Caption-style text data
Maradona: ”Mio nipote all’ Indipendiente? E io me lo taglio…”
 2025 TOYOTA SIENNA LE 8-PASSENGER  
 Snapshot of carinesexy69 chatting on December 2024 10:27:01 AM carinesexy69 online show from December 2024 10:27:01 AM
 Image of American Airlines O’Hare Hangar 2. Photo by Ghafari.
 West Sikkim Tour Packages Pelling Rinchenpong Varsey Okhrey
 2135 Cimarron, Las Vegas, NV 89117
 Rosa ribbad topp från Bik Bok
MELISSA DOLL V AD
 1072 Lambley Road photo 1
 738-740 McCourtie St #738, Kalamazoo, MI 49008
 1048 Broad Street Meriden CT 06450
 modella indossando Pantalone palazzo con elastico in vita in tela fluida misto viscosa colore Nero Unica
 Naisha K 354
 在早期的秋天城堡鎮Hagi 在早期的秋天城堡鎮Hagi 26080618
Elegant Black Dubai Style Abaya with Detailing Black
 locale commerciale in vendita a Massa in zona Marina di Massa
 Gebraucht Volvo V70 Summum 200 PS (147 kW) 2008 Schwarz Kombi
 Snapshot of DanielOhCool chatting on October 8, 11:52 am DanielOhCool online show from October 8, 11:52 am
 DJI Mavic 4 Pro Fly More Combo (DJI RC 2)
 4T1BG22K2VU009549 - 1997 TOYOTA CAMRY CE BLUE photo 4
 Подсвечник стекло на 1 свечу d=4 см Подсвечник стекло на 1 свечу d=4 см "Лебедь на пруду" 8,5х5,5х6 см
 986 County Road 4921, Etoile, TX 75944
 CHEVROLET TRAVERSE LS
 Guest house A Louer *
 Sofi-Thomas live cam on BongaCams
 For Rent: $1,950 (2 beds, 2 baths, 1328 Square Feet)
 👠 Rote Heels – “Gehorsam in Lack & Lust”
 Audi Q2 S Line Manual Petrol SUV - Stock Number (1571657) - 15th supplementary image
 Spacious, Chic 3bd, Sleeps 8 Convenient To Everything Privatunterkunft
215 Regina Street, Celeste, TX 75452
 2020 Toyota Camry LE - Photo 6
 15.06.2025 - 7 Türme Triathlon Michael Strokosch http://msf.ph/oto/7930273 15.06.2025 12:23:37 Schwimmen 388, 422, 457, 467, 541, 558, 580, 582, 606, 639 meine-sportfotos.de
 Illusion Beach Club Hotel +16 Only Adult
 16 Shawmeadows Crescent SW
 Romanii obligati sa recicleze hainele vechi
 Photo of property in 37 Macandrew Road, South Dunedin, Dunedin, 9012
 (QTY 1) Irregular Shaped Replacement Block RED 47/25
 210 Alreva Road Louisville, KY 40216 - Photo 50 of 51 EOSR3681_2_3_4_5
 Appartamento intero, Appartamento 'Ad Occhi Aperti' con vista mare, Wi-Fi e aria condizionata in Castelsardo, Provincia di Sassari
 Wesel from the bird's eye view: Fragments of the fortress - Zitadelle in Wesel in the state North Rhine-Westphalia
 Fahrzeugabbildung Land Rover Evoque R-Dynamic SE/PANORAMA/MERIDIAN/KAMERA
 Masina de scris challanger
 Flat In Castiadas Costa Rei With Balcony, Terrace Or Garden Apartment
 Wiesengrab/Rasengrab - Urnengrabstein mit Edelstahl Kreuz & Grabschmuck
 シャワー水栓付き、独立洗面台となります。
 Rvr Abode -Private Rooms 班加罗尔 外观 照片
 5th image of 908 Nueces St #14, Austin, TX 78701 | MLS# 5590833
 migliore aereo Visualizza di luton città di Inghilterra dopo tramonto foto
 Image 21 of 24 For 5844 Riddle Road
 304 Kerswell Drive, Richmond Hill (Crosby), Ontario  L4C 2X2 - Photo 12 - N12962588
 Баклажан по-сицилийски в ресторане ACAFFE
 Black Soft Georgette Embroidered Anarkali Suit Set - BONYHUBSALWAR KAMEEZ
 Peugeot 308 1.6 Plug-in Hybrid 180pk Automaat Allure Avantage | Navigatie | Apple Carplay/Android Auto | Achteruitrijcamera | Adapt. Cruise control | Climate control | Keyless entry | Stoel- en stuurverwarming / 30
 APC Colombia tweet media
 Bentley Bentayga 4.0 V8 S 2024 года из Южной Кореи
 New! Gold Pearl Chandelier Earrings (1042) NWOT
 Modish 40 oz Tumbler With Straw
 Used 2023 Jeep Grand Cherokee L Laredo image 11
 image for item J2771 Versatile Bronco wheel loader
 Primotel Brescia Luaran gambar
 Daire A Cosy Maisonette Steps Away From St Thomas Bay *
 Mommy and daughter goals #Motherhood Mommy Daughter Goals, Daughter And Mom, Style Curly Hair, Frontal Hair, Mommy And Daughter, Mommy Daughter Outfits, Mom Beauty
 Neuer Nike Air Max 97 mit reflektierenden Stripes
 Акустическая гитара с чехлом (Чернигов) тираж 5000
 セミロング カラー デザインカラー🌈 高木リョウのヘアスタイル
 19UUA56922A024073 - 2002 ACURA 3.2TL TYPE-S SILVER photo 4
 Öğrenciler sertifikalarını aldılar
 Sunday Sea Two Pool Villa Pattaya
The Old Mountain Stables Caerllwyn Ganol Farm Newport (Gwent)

● Required work: When you reach the end of the records, set them all down again exactly.

● Expected output:
Maradona: ”Mio nipote all’ Indipendiente? E io me lo taglio…”
 2025 TOYOTA SIENNA LE 8-PASSENGER  
 Snapshot of carinesexy69 chatting on December 2024 10:27:01 AM carinesexy69 online show from December 2024 10:27:01 AM
 Image of American Airlines O’Hare Hangar 2. Photo by Ghafari.
 West Sikkim Tour Packages Pelling Rinchenpong Varsey Okhrey
 2135 Cimarron, Las Vegas, NV 89117
 Rosa ribbad topp från Bik Bok
MELISSA DOLL V AD
 1072 Lambley Road photo 1
 738-740 McCourtie St #738, Kalamazoo, MI 49008
 1048 Broad Street Meriden CT 06450
 modella indossando Pantalone palazzo con elastico in vita in tela fluida misto viscosa colore Nero Unica
 Naisha K 354
 在早期的秋天城堡鎮Hagi 在早期的秋天城堡鎮Hagi 26080618
Elegant Black Dubai Style Abaya with Detailing Black
 locale commerciale in vendita a Massa in zona Marina di Massa
 Gebraucht Volvo V70 Summum 200 PS (147 kW) 2008 Schwarz Kombi
 Snapshot of DanielOhCool chatting on October 8, 11:52 am DanielOhCool online show from October 8, 11:52 am
 DJI Mavic 4 Pro Fly More Combo (DJI RC 2)
 4T1BG22K2VU009549 - 1997 TOYOTA CAMRY CE BLUE photo 4
 Подсвечник стекло на 1 свечу d=4 см Подсвечник стекло на 1 свечу d=4 см "Лебедь на пруду" 8,5х5,5х6 см
 986 County Road 4921, Etoile, TX 75944
 CHEVROLET TRAVERSE LS
 Guest house A Louer *
 Sofi-Thomas live cam on BongaCams
 For Rent: $1,950 (2 beds, 2 baths, 1328 Square Feet)
 👠 Rote Heels – “Gehorsam in Lack & Lust”
 Audi Q2 S Line Manual Petrol SUV - Stock Number (1571657) - 15th supplementary image
 Spacious, Chic 3bd, Sleeps 8 Convenient To Everything Privatunterkunft
215 Regina Street, Celeste, TX 75452
 2020 Toyota Camry LE - Photo 6
 15.06.2025 - 7 Türme Triathlon Michael Strokosch http://msf.ph/oto/7930273 15.06.2025 12:23:37 Schwimmen 388, 422, 457, 467, 541, 558, 580, 582, 606, 639 meine-sportfotos.de
 Illusion Beach Club Hotel +16 Only Adult
 16 Shawmeadows Crescent SW
 Romanii obligati sa recicleze hainele vechi
 Photo of property in 37 Macandrew Road, South Dunedin, Dunedin, 9012
 (QTY 1) Irregular Shaped Replacement Block RED 47/25
 210 Alreva Road Louisville, KY 40216 - Photo 50 of 51 EOSR3681_2_3_4_5
 Appartamento intero, Appartamento 'Ad Occhi Aperti' con vista mare, Wi-Fi e aria condizionata in Castelsardo, Provincia di Sassari
 Wesel from the bird's eye view: Fragments of the fortress - Zitadelle in Wesel in the state North Rhine-Westphalia
 Fahrzeugabbildung Land Rover Evoque R-Dynamic SE/PANORAMA/MERIDIAN/KAMERA
 Masina de scris challanger
 Flat In Castiadas Costa Rei With Balcony, Terrace Or Garden Apartment
 Wiesengrab/Rasengrab - Urnengrabstein mit Edelstahl Kreuz & Grabschmuck
 シャワー水栓付き、独立洗面台となります。
 Rvr Abode -Private Rooms 班加罗尔 外观 照片
 5th image of 908 Nueces St #14, Austin, TX 78701 | MLS# 5590833
 migliore aereo Visualizza di luton città di Inghilterra dopo tramonto foto
 Image 21 of 24 For 5844 Riddle Road
 304 Kerswell Drive, Richmond Hill (Crosby), Ontario  L4C 2X2 - Photo 12 - N12962588
 Баклажан по-сицилийски в ресторане ACAFFE
 Black Soft Georgette Embroidered Anarkali Suit Set - BONYHUBSALWAR KAMEEZ
 Peugeot 308 1.6 Plug-in Hybrid 180pk Automaat Allure Avantage | Navigatie | Apple Carplay/Android Auto | Achteruitrijcamera | Adapt. Cruise control | Climate control | Keyless entry | Stoel- en stuurverwarming / 30
 APC Colombia tweet media
 Bentley Bentayga 4.0 V8 S 2024 года из Южной Кореи
 New! Gold Pearl Chandelier Earrings (1042) NWOT
 Modish 40 oz Tumbler With Straw
 Used 2023 Jeep Grand Cherokee L Laredo image 11
 image for item J2771 Versatile Bronco wheel loader
 Primotel Brescia Luaran gambar
 Daire A Cosy Maisonette Steps Away From St Thomas Bay *
 Mommy and daughter goals #Motherhood Mommy Daughter Goals, Daughter And Mom, Style Curly Hair, Frontal Hair, Mommy And Daughter, Mommy Daughter Outfits, Mom Beauty
 Neuer Nike Air Max 97 mit reflektierenden Stripes
 Акустическая гитара с чехлом (Чернигов) тираж 5000
 セミロング カラー デザインカラー🌈 高木リョウのヘアスタイル
 19UUA56922A024073 - 2002 ACURA 3.2TL TYPE-S SILVER photo 4
 Öğrenciler sertifikalarını aldılar
 Sunday Sea Two Pool Villa Pattaya
The Old Mountain Stables Caerllwyn Ganol Farm Newport (Gwent)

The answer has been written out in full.